Entries shown START

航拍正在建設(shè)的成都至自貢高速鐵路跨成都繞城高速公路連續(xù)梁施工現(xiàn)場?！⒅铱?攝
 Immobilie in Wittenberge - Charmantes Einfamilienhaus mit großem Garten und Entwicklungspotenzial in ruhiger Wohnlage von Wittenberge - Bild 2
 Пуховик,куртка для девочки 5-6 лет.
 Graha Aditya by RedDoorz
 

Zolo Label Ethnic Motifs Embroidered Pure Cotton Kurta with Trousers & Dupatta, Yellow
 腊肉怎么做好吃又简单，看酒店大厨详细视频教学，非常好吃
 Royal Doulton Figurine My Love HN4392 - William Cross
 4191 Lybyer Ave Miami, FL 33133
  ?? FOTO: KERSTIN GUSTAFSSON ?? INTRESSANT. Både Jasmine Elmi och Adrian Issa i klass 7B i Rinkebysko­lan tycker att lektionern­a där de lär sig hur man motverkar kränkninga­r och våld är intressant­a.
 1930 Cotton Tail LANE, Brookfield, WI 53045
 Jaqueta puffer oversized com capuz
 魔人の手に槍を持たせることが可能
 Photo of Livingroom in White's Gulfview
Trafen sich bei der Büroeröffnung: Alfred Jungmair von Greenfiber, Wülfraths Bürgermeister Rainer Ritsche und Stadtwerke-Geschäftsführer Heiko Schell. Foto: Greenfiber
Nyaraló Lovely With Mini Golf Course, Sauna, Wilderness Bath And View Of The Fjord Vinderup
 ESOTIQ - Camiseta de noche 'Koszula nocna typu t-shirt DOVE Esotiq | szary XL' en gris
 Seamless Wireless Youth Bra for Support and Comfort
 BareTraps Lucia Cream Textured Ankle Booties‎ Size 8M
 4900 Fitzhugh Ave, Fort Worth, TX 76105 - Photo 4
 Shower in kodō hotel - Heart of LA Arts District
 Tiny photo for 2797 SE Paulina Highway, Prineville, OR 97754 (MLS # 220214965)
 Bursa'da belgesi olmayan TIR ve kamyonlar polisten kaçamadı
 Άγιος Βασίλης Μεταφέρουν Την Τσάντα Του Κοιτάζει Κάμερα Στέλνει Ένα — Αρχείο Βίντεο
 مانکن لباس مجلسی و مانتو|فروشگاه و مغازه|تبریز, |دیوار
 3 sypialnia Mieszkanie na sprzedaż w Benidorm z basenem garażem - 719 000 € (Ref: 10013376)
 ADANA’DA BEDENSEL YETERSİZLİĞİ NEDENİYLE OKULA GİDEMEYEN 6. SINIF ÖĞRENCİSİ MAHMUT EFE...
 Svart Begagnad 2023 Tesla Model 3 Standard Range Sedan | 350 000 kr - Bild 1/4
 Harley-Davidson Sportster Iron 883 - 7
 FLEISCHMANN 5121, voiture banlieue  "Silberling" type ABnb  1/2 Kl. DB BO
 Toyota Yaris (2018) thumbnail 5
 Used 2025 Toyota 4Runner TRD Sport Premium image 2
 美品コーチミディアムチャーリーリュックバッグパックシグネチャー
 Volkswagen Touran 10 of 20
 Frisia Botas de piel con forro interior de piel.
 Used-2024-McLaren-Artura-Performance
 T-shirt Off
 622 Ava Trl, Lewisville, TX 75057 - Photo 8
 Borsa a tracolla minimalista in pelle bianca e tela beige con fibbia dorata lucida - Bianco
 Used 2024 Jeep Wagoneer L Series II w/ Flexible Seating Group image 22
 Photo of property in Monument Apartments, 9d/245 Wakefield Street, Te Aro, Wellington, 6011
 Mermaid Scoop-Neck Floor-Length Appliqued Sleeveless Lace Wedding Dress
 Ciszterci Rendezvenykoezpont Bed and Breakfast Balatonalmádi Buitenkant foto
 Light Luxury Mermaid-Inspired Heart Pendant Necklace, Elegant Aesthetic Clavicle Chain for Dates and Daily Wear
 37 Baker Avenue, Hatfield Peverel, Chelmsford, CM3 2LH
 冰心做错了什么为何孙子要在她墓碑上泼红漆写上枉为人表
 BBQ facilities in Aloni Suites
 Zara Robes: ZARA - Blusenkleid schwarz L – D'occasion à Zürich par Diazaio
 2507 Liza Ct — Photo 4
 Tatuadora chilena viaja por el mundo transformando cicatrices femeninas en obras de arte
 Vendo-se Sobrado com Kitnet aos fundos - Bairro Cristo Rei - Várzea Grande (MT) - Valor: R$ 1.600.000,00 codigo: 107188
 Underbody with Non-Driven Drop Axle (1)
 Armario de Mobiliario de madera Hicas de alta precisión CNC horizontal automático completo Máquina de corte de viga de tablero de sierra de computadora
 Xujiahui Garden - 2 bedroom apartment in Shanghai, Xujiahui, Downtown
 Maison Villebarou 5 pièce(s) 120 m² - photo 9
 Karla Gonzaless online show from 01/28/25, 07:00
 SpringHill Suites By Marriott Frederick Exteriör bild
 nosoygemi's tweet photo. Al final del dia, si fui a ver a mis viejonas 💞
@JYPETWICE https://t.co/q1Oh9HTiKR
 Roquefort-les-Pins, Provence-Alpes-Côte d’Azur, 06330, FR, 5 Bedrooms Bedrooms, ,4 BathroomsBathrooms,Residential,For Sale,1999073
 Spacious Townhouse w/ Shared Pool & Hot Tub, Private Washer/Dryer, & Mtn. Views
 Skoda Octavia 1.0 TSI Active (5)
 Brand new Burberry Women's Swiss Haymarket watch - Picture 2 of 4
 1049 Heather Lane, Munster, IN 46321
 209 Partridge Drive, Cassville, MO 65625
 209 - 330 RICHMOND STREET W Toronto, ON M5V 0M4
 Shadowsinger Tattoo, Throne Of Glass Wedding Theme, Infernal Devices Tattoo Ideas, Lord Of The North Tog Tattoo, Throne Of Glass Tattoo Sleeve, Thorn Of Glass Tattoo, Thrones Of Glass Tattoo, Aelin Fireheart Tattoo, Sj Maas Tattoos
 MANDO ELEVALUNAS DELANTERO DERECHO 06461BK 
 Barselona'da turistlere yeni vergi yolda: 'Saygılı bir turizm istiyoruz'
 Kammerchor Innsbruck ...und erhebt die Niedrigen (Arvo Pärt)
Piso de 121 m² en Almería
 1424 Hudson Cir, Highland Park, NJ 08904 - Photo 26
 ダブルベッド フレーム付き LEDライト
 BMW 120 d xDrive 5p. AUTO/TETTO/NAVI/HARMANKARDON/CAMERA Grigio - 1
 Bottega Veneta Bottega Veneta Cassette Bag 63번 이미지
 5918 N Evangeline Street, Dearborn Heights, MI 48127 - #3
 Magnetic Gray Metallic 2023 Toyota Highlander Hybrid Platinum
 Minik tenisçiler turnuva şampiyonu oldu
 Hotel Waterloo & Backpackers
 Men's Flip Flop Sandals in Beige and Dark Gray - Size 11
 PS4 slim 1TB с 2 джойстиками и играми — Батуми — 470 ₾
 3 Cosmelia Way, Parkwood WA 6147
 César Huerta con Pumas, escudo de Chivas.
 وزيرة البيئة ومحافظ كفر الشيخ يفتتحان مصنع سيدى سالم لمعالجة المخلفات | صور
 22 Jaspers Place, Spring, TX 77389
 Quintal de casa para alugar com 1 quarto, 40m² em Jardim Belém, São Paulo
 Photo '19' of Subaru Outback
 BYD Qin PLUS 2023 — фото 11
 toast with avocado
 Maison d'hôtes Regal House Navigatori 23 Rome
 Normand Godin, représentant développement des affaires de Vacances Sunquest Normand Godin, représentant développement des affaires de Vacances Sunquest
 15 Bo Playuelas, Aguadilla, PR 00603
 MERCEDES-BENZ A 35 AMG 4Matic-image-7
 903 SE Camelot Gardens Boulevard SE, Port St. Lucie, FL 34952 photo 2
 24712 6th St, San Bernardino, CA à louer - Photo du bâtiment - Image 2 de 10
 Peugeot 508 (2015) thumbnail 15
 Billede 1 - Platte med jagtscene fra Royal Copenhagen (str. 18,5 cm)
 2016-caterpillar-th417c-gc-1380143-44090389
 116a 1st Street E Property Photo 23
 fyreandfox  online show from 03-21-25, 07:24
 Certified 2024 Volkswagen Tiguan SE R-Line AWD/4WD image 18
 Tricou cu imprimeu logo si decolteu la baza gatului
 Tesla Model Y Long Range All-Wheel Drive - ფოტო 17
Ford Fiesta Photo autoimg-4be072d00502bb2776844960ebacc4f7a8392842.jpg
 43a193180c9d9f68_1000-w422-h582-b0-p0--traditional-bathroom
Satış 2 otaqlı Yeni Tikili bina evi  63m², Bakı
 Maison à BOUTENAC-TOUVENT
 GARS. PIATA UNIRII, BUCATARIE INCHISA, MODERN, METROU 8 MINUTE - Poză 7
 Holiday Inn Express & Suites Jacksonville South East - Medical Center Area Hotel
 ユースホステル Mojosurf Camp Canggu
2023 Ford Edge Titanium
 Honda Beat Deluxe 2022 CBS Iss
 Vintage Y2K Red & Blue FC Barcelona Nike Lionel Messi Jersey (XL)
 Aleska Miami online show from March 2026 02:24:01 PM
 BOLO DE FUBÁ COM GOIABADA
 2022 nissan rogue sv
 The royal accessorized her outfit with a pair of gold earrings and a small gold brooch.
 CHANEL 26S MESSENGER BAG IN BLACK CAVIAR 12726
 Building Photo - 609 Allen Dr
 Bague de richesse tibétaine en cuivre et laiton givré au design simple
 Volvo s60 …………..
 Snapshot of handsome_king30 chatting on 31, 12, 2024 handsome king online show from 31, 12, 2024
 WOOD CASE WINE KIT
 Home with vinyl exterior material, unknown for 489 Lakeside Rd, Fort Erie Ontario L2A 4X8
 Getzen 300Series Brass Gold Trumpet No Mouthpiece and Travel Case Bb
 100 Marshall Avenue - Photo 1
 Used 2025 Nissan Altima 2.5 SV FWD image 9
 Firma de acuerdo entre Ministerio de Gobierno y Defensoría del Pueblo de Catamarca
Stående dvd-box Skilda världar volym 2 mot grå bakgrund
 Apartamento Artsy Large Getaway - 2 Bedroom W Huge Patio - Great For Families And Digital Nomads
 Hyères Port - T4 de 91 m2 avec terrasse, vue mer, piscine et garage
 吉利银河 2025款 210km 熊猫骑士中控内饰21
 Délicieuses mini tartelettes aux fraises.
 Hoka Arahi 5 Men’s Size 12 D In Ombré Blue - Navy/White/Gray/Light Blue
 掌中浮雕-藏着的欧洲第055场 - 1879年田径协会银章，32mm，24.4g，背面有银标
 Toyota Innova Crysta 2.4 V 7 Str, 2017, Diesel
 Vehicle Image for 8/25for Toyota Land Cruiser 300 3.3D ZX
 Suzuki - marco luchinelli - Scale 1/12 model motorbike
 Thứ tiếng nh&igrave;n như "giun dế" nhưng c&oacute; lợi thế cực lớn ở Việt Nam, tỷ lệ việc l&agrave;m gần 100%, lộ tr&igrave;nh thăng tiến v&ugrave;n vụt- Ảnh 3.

Entries shown END

**Problem description**
Copy range, inclusive: the line holding "Holiday Inn Express" to the line holding "Hyères Port - T4". Reproduce exactly those lines of the records above and no others.

**Result of this exercise**
 Holiday Inn Express & Suites Jacksonville South East - Medical Center Area Hotel
 ユースホステル Mojosurf Camp Canggu
2023 Ford Edge Titanium
 Honda Beat Deluxe 2022 CBS Iss
 Vintage Y2K Red & Blue FC Barcelona Nike Lionel Messi Jersey (XL)
 Aleska Miami online show from March 2026 02:24:01 PM
 BOLO DE FUBÁ COM GOIABADA
 2022 nissan rogue sv
 The royal accessorized her outfit with a pair of gold earrings and a small gold brooch.
 CHANEL 26S MESSENGER BAG IN BLACK CAVIAR 12726
 Building Photo - 609 Allen Dr
 Bague de richesse tibétaine en cuivre et laiton givré au design simple
 Volvo s60 …………..
 Snapshot of handsome_king30 chatting on 31, 12, 2024 handsome king online show from 31, 12, 2024
 WOOD CASE WINE KIT
 Home with vinyl exterior material, unknown for 489 Lakeside Rd, Fort Erie Ontario L2A 4X8
 Getzen 300Series Brass Gold Trumpet No Mouthpiece and Travel Case Bb
 100 Marshall Avenue - Photo 1
 Used 2025 Nissan Altima 2.5 SV FWD image 9
 Firma de acuerdo entre Ministerio de Gobierno y Defensoría del Pueblo de Catamarca
Stående dvd-box Skilda världar volym 2 mot grå bakgrund
 Apartamento Artsy Large Getaway - 2 Bedroom W Huge Patio - Great For Families And Digital Nomads
 Hyères Port - T4 de 91 m2 avec terrasse, vue mer, piscine et garage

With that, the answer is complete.